ITpro Special
週間WEEKLY ITpro Special ITpro

「Dell Venue 11 Pro/Dell Venue 8 Pro」

個人向けガジェットの域を脱して、ビジネス用のIT機器へと進化しつつあるタブレット――。デルが2013年末にリリースした「Dell Venue 11 Pro」「Dell Venue 8 Pro」は、多種多様な業種・業態への導入に適したWindows 8.1ベースのタブレット製品だ。最大の特長は、Windows用の多様な周辺機器を接続して、業務システムのクライアントとして使えること。例えば、小売業や飲食業で売上(オーダー)、会計、管理などの業務に適用すれば、サービスと生産性の向上が見込める。

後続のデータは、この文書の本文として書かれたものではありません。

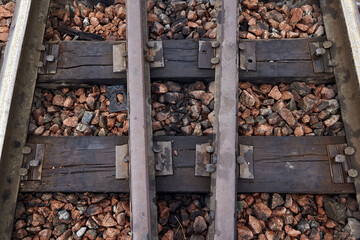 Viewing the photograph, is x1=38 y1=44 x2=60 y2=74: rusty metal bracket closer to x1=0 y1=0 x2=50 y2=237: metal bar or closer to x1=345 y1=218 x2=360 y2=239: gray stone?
x1=0 y1=0 x2=50 y2=237: metal bar

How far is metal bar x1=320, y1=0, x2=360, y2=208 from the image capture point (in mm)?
2617

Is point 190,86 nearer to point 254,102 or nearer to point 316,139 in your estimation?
point 254,102

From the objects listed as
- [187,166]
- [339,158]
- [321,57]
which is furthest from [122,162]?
[321,57]

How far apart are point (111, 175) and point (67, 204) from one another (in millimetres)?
471

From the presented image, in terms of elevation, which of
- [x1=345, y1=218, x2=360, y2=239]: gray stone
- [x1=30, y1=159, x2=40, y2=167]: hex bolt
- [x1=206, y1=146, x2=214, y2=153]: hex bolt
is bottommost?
[x1=345, y1=218, x2=360, y2=239]: gray stone

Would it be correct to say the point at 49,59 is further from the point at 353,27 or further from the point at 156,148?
the point at 353,27

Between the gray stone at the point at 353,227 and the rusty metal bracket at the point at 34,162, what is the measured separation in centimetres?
272

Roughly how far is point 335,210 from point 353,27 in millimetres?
1743

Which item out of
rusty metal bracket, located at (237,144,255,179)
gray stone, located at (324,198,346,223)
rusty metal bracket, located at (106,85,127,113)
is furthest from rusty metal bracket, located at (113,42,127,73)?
gray stone, located at (324,198,346,223)

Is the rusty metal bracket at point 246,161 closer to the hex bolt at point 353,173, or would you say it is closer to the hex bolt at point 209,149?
the hex bolt at point 209,149

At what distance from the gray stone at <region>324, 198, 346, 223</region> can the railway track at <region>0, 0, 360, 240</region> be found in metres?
0.13

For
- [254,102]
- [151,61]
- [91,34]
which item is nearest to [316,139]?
[254,102]

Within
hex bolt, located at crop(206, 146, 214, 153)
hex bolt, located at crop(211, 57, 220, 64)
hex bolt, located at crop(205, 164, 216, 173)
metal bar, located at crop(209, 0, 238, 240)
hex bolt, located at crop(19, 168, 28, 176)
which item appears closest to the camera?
metal bar, located at crop(209, 0, 238, 240)

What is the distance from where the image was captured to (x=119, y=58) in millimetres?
2893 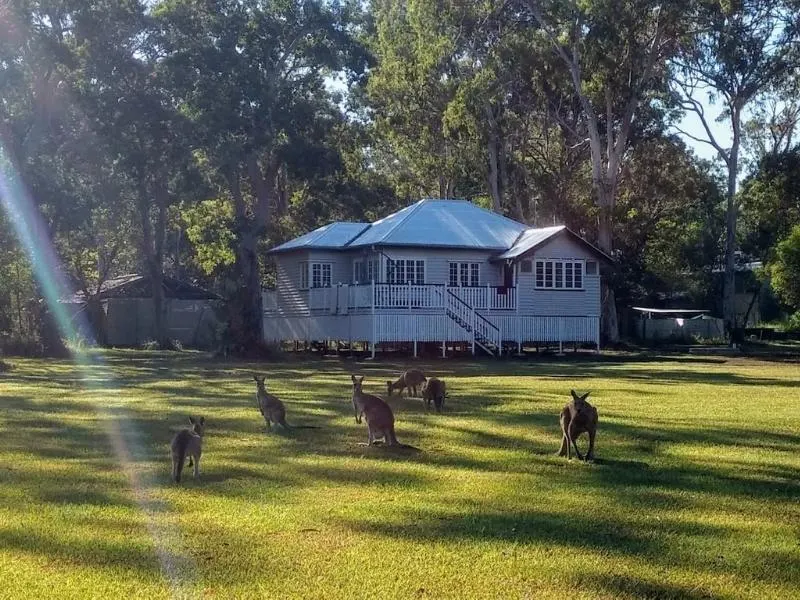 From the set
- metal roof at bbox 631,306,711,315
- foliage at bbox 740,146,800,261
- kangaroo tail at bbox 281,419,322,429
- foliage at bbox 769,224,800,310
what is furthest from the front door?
kangaroo tail at bbox 281,419,322,429

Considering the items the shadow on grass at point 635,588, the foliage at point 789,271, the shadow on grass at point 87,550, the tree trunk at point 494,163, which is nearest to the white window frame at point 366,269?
the tree trunk at point 494,163

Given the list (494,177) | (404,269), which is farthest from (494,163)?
(404,269)

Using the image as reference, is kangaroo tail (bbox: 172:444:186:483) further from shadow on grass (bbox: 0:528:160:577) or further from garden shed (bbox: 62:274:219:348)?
garden shed (bbox: 62:274:219:348)

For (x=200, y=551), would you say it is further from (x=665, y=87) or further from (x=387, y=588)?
(x=665, y=87)

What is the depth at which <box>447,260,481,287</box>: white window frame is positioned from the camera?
40719 millimetres

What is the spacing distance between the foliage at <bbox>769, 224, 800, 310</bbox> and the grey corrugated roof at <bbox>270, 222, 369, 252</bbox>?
15.9 metres

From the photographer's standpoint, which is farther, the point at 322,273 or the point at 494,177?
the point at 494,177

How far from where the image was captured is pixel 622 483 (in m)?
9.98

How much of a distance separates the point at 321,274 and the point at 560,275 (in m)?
8.94

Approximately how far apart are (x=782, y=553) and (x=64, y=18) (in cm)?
3614

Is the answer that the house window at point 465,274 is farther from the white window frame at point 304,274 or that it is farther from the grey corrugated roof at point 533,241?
the white window frame at point 304,274

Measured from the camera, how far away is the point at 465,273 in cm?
4097

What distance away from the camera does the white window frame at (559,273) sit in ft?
134

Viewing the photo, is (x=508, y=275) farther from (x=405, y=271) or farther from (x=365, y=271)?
(x=365, y=271) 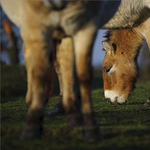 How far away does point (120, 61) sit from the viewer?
686cm

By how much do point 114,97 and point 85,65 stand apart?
3594mm

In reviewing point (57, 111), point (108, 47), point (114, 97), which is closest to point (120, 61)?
point (108, 47)

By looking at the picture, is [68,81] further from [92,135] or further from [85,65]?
[92,135]

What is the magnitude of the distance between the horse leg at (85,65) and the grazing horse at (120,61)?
351 cm

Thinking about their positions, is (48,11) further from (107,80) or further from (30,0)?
(107,80)

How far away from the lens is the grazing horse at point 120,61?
6.75 meters

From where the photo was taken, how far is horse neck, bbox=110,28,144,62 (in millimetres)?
6797

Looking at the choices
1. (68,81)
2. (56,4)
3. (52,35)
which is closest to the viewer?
(56,4)

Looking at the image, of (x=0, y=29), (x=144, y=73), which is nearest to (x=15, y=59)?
(x=0, y=29)

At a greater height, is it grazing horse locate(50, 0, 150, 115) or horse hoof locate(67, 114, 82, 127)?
grazing horse locate(50, 0, 150, 115)

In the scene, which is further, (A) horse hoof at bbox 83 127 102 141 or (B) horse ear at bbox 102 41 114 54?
(B) horse ear at bbox 102 41 114 54

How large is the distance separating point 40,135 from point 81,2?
4.66ft

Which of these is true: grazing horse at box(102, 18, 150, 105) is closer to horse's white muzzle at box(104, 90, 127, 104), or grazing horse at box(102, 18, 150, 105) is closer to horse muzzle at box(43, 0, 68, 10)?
horse's white muzzle at box(104, 90, 127, 104)

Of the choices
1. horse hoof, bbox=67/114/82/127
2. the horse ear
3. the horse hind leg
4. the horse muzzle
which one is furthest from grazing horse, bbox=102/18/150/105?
the horse muzzle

個人向けガジェットの域を脱して、ビジネス用のIT機器へと進化しつつあるタブレット――。デルが2013年末にリリースした「Dell Venue 11 Pro」「Dell Venue 8 Pro」は、多種多様な業種・業態への導入に適したWindows 8.1ベースのタブレット製品だ。最大の特長は、Windows用の多様な周辺機器を接続して、業務システムのクライアントとして使えること。例えば、小売業や飲食業で売上(オーダー)、会計、管理などの業務に適用すれば、サービスと生産性の向上が見込める。

日本マイクロソフト株式会社
ビジネスプラットフォーム統括本部
マイクロソフトテクノロジーセンター
エバンジェリスト
鈴木 敦史

他の業種と同様、小売業や飲食業でもITはサービス向上や生産性向上のための重要な要素となっている。例えば、売上データ入力に欠かせないPOSレジ――。その基盤として広く使われているのが、組み込み系WindowsのWindows EmbeddedやWindows CEだ。

ただ、販売の最前線でもワークスタイルが急速に進化しつつある今、組み込み機器の導入効果に限界が見え始めていることも確かだ。

「組み込み機器は自社の業務スタイルに合わせて細かにチューニングできますが、店員同士や店舗間のコミュニケーションには使いづらいのです」と語るのは、日本マイクロソフトの鈴木敦史氏。デルの本谷和美氏も「そうした専用端末は15万円以上するのが普通ですから、店内のスタッフ全員に持たせるわけにもいきません」と指摘する。

そこで今注目されているのが、PCと同じように使えるWindowsタブレット(写真1)だ。最大のポイントは、「業務アプリを組み込めば専用端末に、標準機能を使えば汎用的なWindows PCに」切り替えて使用できること。Windows用の多様な周辺機器を利用でき、操作方法がスマートフォン並みに簡単で、ハードウエア価格も3万円台からとお手頃だ。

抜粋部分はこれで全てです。